C’est sur les lieux de travail que s’inventera le syndicalisme de demain. Il passe par des expérimentations, des tâtonnements, souvent discrets mais qui n’en sont pas moins réels, même s’ils sont moins spectaculaires que la vision de pneus qui brûlent à l’entrée d’une entreprise en grève ou qu’une banderole à la tête d’un cortège. C’est là qu’il se passe des choses intéressantes, porteuses d’un avenir qui demande à être inventé.

En quoi ces syndicats pourraient justement réinventer  leurs rôles dans les entreprises alors que les méthodes "classiques" semblent en plein essoufflement ?

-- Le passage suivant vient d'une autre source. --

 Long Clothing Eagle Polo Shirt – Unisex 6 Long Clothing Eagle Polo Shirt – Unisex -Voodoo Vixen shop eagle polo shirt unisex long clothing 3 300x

La réinvention du rôle des syndicats dans l’entreprise est, j’en suis persuadé, une question de management. L’entreprise, en tant que communauté de travail, repose sur un certain équilibre entre les points de vue des uns et des autres. Les salariés ont besoin de disposer d’une possibilité de recours quand ils sont en conflit, à tort ou à raison, avec leur manager. Ils ont besoin d’être tenus collectivement informés de la marche des affaires et, s’il le faut, d’être consultés. Il est bon que leurs représentants puissent participer à la formulation de certaines règles qui, ensuite, s’imposeront à tous, et c’est le rôle de la négociation. Le syndicaliste exerce en outre la fonction de "fou du roi" : il formule ouvertement ce que beaucoup de gens pensent mais n’osent pas exprimer. Tout ceci est important, mais demande à être pensé autrement que par référence aux vieux schémas dont s’inspirent certains appareils syndicaux.

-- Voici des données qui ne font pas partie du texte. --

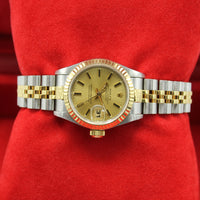 Lady Datejust 26mm 69173 (Champagne Baton Dial)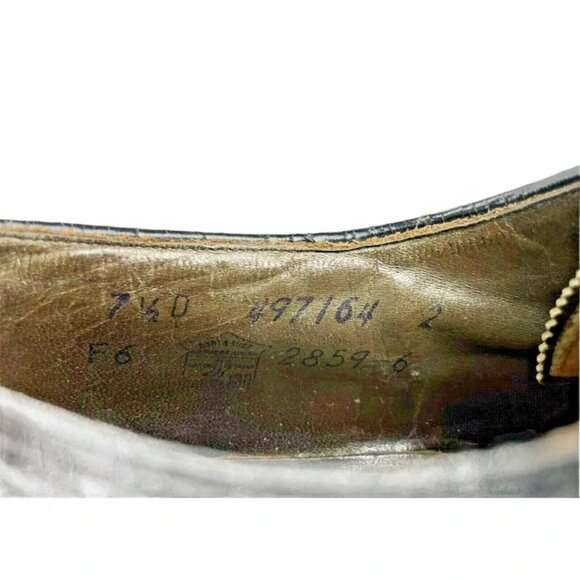 Weyenberg‎ Mens Black Round Toe Lace Up Comfort Wingtip Dress Shoes 7.5 - Picture 8 of 8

Ce que je vois, dans mon travail d’expert social dans les entreprises, c’est que ce qui s’y passe n’a plus grand chose à voir avec le discours syndical officiel, ni même avec le discours patronal. C’est probablement là que se construit l’avenir, pas dans les appels à une mobilisation contre une austérité aujourd’hui devenue inéluctable. Certains dirigeants syndicaux le savent bien. Mais, semble-t-il, ce n’est pas le cas de ceux qui viennent, malgré la claque qu’ils ont pris à la SNCF, d’appeler à une "mobilisation" plus large dont il faut s’attendre à ce qu’elle ne soit pas très suivie. C’est évidemment très regrettable.